Solution Highlights
TMA Solutions has developed an advanced AI-powered road damage detection system that leverages Computer Vision technology to instantly identify and classify various types of road damage, including potholes, cracks, and surface wear. With an accuracy rate of up to 85%, this system significantly improves road safety by ensuring that damage is detected promptly and reported for immediate action.
The automation of the detection process streamlines maintenance efforts, allowing for quicker responses to damage and reducing the potential risks to drivers and pedestrians.


Problem Statement
Road quality is a critical factor in ensuring public safety, yet traditional methods for detecting road damage are often slow, labor-intensive, and inefficient. Many municipalities and transportation authorities rely on manual road inspections, which are prone to human error and can overlook damage that worsens over time. Potholes, cracks, and other types of damage that are not identified and repaired promptly can pose serious safety hazards for both drivers and pedestrians. The delay in detection also leads to higher maintenance costs as road conditions deteriorate further.
Additionally, the uneven distribution of resources and personnel dedicated to road maintenance often results in delayed repairs, further exacerbating the problem. This underscores the need for a real-time, automated solution that can provide accurate detection and reporting of road damage, ensuring that repairs are carried out promptly and efficiently.
Recognizing these challenges, TMA Solutions developed an AI-powered system that utilizes Computer Vision technology to transform the way road damage is identified and addressed. This cutting-edge solution enables real-time damage detection and reporting, improving both the speed and accuracy of road maintenance operations.

Solutions
A real-time road damage detection system utilizing advanced AI in mobile applications to detect road damage in real-time:
TMA’s AI-powered road damage detection system integrates advanced Computer Vision and AI/ML algorithms to automatically detect and classify road damage. Key features of the solution include:
- Real-time road damage detection: The system uses Computer Vision technology embedded in mobile devices or cameras mounted on vehicles to identify and classify various types of road damage.
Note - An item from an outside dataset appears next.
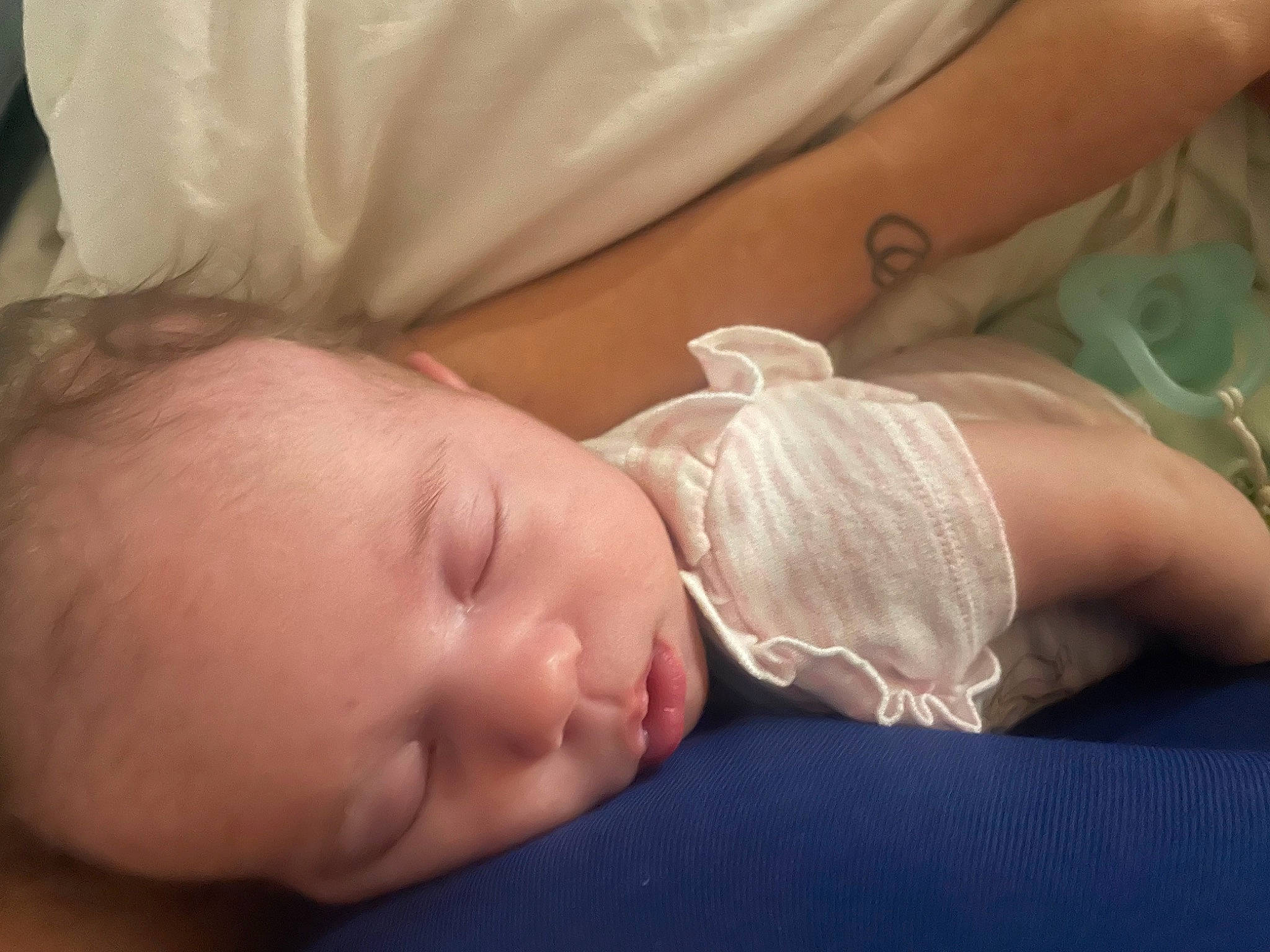 Khaleesi is registered to the contest to win money with this photo: baby, baby_products, baby_sleeping, baby_toddler_clothing, bedtime, cheek, child, comfort, ear, eyelash, linens, nap, person, portrait_photography, room, skin, sleep, toddler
It can instantly detect damage such as potholes, cracks, and uneven surfaces.
- Map location marking: The detected road damage is automatically marked on a digital map, allowing road maintenance teams to visualize the locations of the damage across a large area. This map-based system ensures that repair crews can be dispatched efficiently to the areas where their services are most urgently needed.
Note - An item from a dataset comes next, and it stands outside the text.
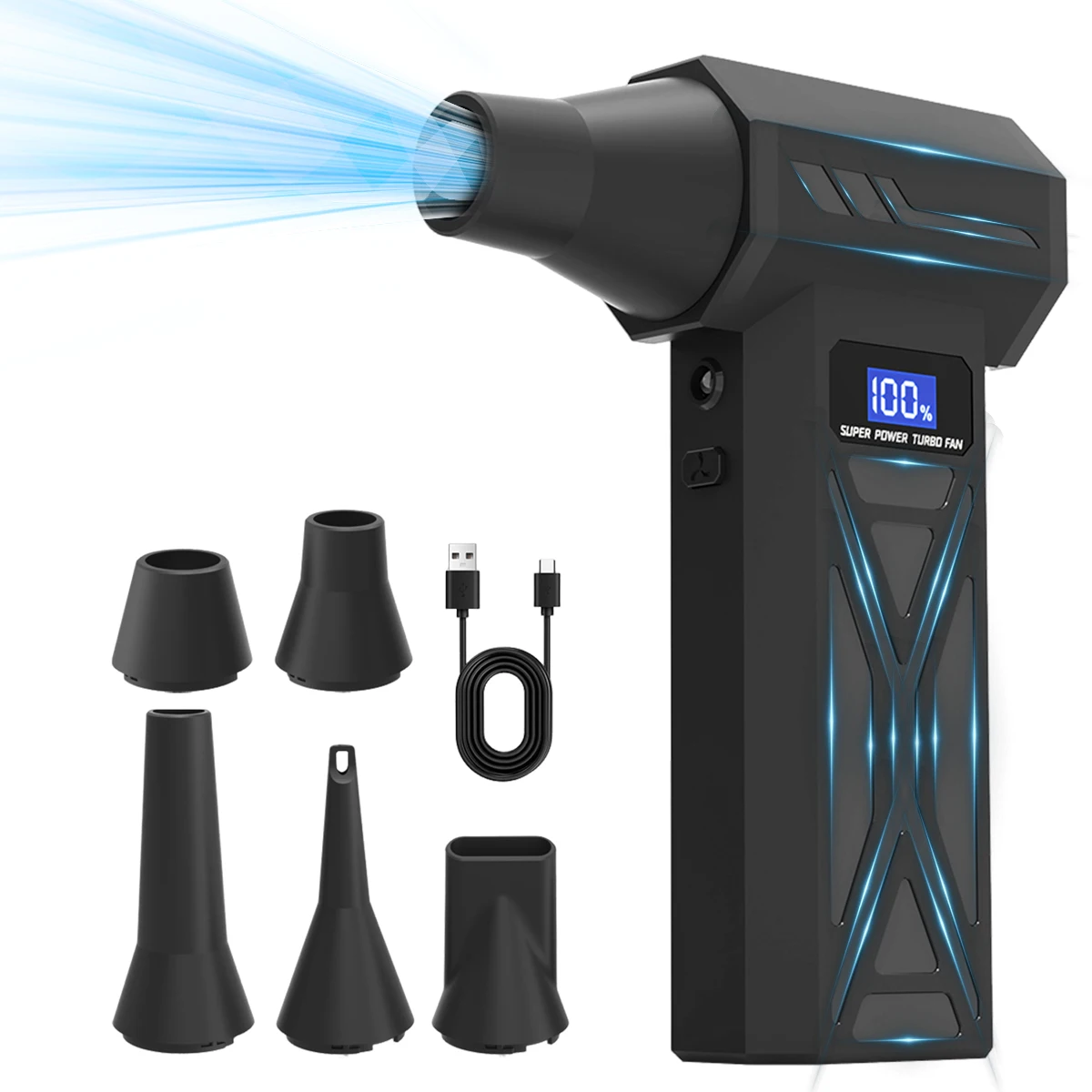 Nowa dmuchawa P70, 110000 obr. – Dryer Car Blower recenzja i cena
- Drivable area segmentation: The system also includes drivable area segmentation, which analyzes road conditions to differentiate between safe and unsafe driving zones.

Benefits
The implementation of TMA Solutions’ AI-powered road damage detection system offers numerous benefits that improve the overall efficiency and effectiveness of road maintenance operations:
- Real-time detection and reporting: The system provides real-time detection of road damage, displaying the results on a digital map of the road network. This immediate reporting enables road maintenance teams to respond quickly, ensuring that damage is repaired promptly and does not become a safety hazard. The automated nature of the system reduces reliance on manual inspections, which are slower and less accurate.
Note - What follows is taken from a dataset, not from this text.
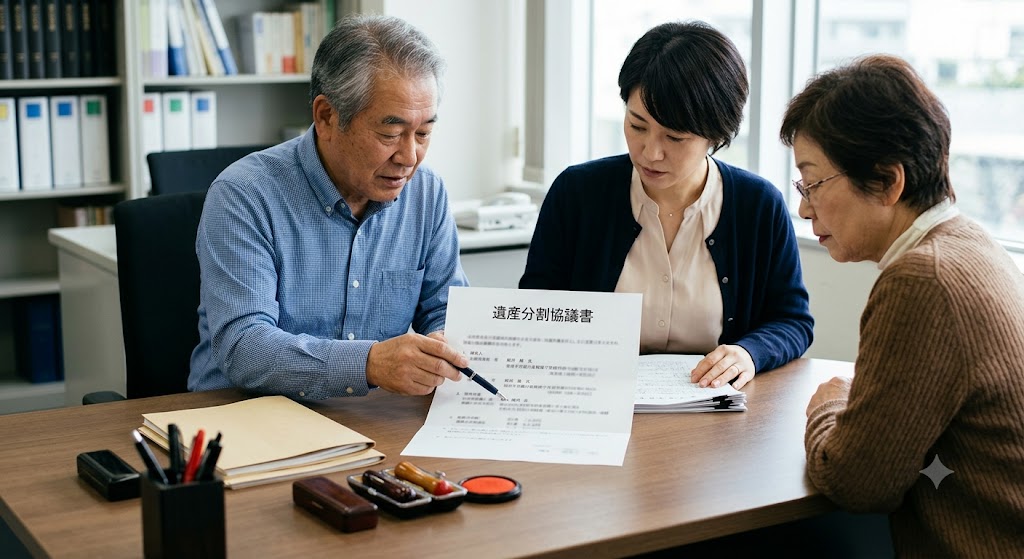 遺産分割協議のイメージ写真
- Efficient resource allocation: By reducing the need for manual road inspections, the system optimizes the allocation of maintenance resources. Crews can be deployed more efficiently, focusing on areas with the most critical damage. This results in better use of time, personnel, and equipment, ultimately lowering operational costs for municipalities and road management authorities.
- High accuracy rates: The system demonstrates an impressive accuracy rate of over 85% in detecting road damage, ensuring reliable results across various environments, including road networks in India, Japan, and Europe. This high level of accuracy minimizes false positives and ensures that the most relevant damage is addressed first, improving the effectiveness of road maintenance efforts.